Defendant Jerxy Neal appeals from a conviction of the offense of attempted murder following a jury trial in the Circuit Court of Rock Island County. Defendant was sentenced to a term of 4 to 12 years in the penitentiary.

From the record it is apparent that defendant’s former girlfriend had been dating the victim Denny West for some time prior to the incident. Steve Mascaro, a mutual friend who served as an intermediary between the two individuals, testified that there had been hard feelings between defendant and West for at least a month prior to the shooting. Mascaro testified that on several occasions defendant mentioned that he had a gun and was going to “get” West. However, Mascaro also indicated that West was willing to accept defendant’s challenge. On April 22, 1973, defendant and his young son had purchased some .22-caliber shells to replace the supply they had used up in some target practice. On the way home, they stopped at a tavern for a drink and a coke. Before defendant got the beverages he noticed that his young son was playing on some of the parked cars and went out to get him. At this time, West, who had apparently not been seen by Neal in the tavern, came out and stood between defendant and defendant’s car. West shouted at defendant *24and said he wanted to settle the matter between them. There is conflict in the testimony as to what then occurred.

West stated that Neal simply pulled the pistol from his pants and shot him. Neal said that he shot West because West grabbed and broke his thumb. He stated that West lunged at him grabbing his thumb and that he was in fear of serious harm and pulled the loaded pistol from his belt and shot West in the stomach. When West kept coming, defendant said, defendant shot at him again, and the bullet whizzed past West’s head. After this, West returned to the tavern where an ambulance was called for him. Defendant Neal then apparently returned to the bar himself to get drinks without mentioning the incident or seeking to aid the injured West. Neal subsequently received treatment for a- compound fracture of his thumb. West denied grabbing defendant’s thumb, but testified that he slapped the gun out of defendant’s hand after the shots were fired, which action could possibly have caused the thumb fracture.

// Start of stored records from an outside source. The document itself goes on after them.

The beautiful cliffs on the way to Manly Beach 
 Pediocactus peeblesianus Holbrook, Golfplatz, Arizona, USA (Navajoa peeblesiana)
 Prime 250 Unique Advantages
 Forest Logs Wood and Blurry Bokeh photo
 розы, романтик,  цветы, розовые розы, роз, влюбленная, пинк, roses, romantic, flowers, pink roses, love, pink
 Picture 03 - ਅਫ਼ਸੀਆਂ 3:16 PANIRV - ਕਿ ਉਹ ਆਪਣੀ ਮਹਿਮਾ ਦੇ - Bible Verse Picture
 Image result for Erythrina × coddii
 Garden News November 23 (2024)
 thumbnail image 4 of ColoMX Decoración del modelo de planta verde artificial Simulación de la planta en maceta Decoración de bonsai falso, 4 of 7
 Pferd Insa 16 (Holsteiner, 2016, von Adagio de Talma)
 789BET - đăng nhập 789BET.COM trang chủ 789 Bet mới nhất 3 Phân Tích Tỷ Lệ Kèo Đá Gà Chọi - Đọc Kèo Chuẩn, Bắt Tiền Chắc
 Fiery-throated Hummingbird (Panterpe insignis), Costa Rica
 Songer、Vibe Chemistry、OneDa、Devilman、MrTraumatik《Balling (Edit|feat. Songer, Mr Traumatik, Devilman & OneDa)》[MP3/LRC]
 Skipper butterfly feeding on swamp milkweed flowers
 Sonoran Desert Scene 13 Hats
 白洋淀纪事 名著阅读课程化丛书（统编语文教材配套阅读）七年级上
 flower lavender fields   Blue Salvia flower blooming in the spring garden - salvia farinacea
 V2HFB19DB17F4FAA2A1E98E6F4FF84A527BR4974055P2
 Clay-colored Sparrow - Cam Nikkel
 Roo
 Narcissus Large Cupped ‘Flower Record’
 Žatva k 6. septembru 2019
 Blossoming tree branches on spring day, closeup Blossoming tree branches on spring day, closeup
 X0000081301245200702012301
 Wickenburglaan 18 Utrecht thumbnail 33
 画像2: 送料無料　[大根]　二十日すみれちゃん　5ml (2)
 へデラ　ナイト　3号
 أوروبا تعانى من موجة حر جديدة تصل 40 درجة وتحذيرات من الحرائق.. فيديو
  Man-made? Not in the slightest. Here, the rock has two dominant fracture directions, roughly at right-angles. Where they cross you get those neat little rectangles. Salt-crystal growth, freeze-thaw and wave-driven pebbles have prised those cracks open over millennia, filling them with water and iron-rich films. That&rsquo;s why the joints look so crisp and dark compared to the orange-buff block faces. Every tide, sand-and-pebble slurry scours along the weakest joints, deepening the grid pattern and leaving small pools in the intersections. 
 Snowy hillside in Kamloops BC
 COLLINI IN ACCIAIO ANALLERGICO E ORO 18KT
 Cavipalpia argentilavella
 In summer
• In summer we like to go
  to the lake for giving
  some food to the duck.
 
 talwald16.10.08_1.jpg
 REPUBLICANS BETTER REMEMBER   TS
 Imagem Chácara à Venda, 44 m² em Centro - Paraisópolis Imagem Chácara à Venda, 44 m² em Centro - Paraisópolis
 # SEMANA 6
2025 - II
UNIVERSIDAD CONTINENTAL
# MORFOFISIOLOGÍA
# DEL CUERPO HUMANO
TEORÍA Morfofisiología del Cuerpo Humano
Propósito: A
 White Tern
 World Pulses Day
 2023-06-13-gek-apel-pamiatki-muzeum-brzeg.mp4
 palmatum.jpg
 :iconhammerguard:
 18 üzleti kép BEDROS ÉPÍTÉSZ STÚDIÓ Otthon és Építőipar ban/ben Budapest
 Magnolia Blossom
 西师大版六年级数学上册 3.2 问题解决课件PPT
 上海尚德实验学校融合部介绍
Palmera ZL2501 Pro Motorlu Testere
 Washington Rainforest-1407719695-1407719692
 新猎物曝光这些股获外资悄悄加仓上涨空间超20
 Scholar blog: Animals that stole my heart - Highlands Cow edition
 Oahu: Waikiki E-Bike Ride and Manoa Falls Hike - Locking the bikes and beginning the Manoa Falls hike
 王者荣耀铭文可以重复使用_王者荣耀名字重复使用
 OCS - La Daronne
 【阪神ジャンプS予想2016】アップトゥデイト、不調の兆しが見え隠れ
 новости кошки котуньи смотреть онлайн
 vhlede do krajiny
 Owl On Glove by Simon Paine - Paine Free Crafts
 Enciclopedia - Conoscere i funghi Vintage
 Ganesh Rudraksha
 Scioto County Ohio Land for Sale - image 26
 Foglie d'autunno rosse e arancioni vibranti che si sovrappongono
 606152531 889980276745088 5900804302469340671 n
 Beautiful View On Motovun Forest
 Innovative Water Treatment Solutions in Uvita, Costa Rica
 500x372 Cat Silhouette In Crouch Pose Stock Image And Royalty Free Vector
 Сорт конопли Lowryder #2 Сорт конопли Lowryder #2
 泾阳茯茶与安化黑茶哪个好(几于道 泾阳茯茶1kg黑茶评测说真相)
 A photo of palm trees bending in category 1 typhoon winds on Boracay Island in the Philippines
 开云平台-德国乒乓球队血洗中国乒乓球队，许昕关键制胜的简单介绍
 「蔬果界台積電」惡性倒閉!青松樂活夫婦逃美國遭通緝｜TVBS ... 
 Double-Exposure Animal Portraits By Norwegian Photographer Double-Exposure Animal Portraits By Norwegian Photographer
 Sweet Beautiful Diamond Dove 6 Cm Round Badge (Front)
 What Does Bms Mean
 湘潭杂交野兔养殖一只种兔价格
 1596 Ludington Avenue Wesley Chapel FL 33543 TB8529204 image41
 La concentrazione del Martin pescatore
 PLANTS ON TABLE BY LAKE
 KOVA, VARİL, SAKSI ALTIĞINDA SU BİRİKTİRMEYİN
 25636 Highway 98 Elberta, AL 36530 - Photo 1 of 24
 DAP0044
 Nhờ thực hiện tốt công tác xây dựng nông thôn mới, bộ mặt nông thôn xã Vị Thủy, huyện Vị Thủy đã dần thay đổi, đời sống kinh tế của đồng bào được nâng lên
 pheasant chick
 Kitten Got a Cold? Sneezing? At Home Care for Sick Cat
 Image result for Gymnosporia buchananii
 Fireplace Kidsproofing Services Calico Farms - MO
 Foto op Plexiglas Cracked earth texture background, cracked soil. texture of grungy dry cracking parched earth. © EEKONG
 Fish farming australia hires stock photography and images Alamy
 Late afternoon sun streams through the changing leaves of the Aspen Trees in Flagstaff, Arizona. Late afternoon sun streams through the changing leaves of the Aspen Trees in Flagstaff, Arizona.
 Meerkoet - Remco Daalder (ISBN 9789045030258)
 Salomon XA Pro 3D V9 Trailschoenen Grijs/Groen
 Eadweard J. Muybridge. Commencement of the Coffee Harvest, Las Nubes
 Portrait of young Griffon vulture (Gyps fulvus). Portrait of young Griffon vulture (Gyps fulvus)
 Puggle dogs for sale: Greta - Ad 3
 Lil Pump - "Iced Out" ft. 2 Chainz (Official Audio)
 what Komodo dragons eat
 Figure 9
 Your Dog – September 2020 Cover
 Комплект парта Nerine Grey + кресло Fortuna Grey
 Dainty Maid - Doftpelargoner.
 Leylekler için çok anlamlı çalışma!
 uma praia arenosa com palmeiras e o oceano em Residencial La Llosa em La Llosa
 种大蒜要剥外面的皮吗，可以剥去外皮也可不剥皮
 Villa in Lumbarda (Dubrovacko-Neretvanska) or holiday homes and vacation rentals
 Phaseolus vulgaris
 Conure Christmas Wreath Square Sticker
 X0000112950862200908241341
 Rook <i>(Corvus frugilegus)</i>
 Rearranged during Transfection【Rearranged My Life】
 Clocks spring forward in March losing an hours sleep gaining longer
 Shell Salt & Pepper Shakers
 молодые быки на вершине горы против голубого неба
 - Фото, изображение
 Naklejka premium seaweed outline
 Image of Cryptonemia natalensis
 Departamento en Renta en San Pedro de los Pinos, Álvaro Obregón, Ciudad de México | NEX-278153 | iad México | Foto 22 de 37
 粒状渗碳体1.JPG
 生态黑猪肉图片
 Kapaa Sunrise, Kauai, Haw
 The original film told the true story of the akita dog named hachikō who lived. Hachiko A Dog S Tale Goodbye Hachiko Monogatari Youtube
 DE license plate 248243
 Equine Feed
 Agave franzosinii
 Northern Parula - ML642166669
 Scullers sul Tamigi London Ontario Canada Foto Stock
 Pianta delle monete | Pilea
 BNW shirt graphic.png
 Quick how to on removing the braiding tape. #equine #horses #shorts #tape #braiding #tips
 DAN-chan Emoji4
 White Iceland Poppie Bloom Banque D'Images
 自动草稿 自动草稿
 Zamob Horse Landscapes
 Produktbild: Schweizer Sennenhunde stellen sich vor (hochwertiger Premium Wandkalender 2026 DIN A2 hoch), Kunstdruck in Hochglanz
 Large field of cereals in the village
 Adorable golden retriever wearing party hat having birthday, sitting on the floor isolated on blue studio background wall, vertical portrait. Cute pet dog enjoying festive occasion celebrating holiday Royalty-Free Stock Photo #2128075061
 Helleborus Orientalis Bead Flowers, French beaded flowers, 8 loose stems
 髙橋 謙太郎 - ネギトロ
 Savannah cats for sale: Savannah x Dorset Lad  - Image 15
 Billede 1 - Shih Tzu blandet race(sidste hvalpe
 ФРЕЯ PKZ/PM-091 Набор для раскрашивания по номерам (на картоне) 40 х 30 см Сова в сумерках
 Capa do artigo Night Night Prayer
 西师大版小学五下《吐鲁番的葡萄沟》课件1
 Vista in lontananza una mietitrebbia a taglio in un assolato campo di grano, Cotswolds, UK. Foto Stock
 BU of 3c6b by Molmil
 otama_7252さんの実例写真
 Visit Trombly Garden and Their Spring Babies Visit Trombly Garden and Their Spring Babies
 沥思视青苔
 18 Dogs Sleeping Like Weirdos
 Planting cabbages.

It is first contended by the defendant that the State did not overcome his theory of self-defense beyond a reasonable doubt. Under the law of this State, where defendant raises the issue of self-defense, the burden is on the State to prove the contrary beyond a reasonable doubt. (People v. Warren, 33 Ill.2d 168, 173, 210 N.E.2d 507; Ill. Rev. Stat. 1973, ch. 38, pars. 3 — 2, 7 — 14.) The elements of a valid justifiable use of force in defense are (1) that the person threatened is not the aggressor, (2) that the danger of harm is imminent, (3) that the force threatened is unlawful, (4) that the person threatened must actually and reasonably believe that danger exists and that the use of force is necessary to avoid the danger, and (5) that in the use of deadly force, the threatened force must be such as will cause death or great bodily harm. (People v. Dillard, 5 Ill.App.3d 896, 901, 284 N.E.2d 490.) Defendant argues that all the elements of self-defense were shown at the trial and not overcome beyond a reasonable doubt by anything in the record.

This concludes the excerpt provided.